Does too young exist?

Yesterday, McLaren signed a 14 year old kart racer named Nyck de Vries for it's young driver development program. He will be managed by the father of another young driving project turned World Champion, Anthony Hamilton; who is Lewis's father.

We all remember the story of Lewis and how at the age 10, he approached then McLaren team principal Ron Dennis at an awards ceremony and told him, "I want to race for you one day" and was signed up less than three years later to their Young Driver Support Program. Clearly all that mentoring, development and talent has reaped huge benefits for Hamilton and we often see the success stories of young teen drivers that make it to the top...Sebastian Vettel, Fernando Alonso, Jamie Alguersuari and Nico Rosberg..who was one of the youngest drivers to test a F1 car at age 17 back in 2002. It is a credit to these young people that they take on a big responsibility and succeed.

However, in the back of my mind when I hear statements like the parents are fantastically supportive, I can not help to feel that is code for the parents are living vicariously through the child. I think of the Todd Marinovich types of the world that had talent, big support, but were miserable professional failures and ended up with several personal problems.
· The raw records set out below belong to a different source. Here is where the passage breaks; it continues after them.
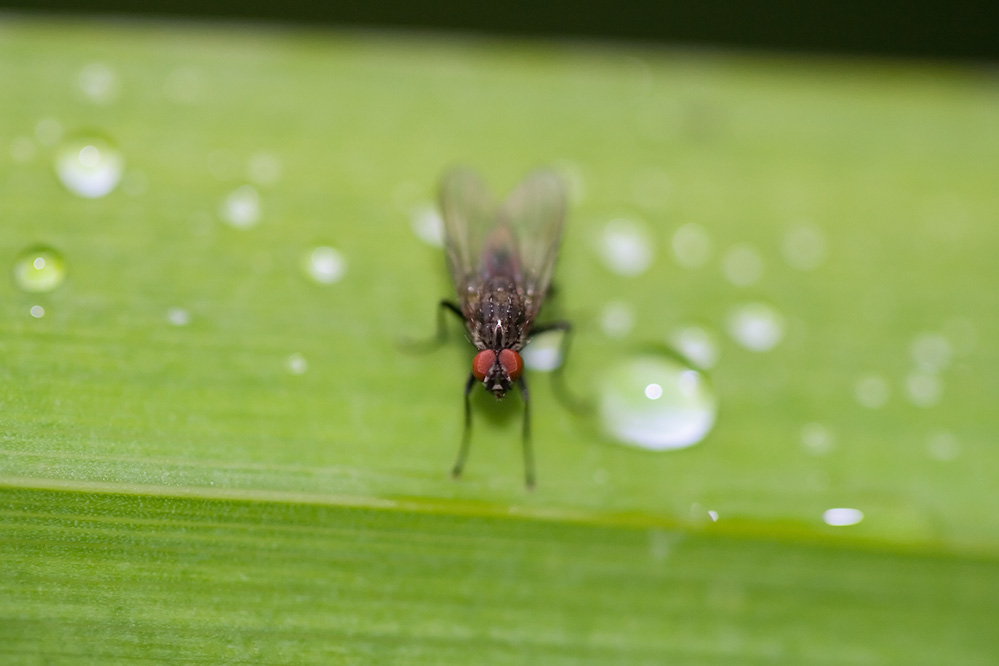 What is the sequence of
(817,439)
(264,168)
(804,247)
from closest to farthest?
1. (817,439)
2. (264,168)
3. (804,247)

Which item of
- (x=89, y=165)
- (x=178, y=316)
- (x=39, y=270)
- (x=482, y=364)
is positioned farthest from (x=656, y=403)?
(x=89, y=165)

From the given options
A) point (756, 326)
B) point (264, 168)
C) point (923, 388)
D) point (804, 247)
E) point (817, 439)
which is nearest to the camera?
point (817, 439)

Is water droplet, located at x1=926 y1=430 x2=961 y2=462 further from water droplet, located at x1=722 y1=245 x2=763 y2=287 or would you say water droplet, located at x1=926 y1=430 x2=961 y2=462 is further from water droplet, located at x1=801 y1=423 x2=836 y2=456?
water droplet, located at x1=722 y1=245 x2=763 y2=287

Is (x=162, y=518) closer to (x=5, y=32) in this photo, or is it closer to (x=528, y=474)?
(x=528, y=474)

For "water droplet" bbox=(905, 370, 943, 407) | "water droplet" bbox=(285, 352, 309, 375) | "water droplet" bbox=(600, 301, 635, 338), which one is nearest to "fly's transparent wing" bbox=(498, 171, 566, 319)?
"water droplet" bbox=(600, 301, 635, 338)

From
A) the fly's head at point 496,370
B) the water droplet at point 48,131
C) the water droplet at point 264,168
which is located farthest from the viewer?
the water droplet at point 264,168

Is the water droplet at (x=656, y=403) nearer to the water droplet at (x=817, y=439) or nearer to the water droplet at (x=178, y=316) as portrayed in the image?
the water droplet at (x=817, y=439)

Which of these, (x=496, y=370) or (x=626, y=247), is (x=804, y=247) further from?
(x=496, y=370)

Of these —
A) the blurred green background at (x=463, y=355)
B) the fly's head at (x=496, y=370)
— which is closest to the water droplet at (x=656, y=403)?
the blurred green background at (x=463, y=355) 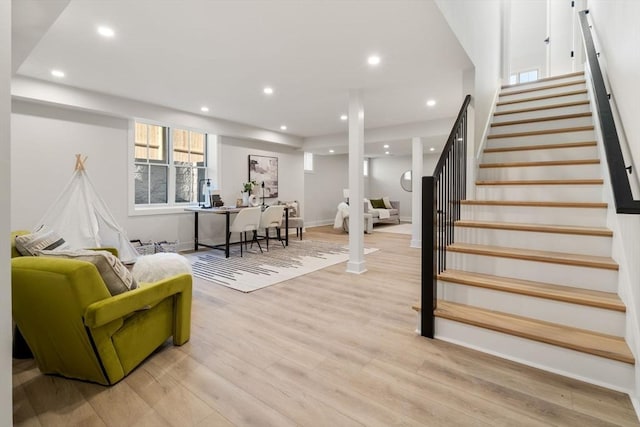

In looking at F1 and the ten youngest drivers ever to participate in a race, four of them are currently active and hold three F1 championships...Alonso, Vettel, Alguersuari and Jenson Button. The other six: Mike Thackwell participated in 5 races; Ricardo Rodriguez, the talent-rich younger brother of Pedro, died in race practice; Esteban Tuero completed in 16 races before a neck injury ended his career; Chris Amon was generally credited with being a pretty good driver and had a long career but was winless; Eddie Cheever had a long winless F1 career, but was a very successful racing driver in different series across the world and a team owner; Tarso Marques had 26 races but never had a full season in F1.

I wonder if any of those 6 drivers had more time to develop or had access to full professional development programs like today what would their legacy be.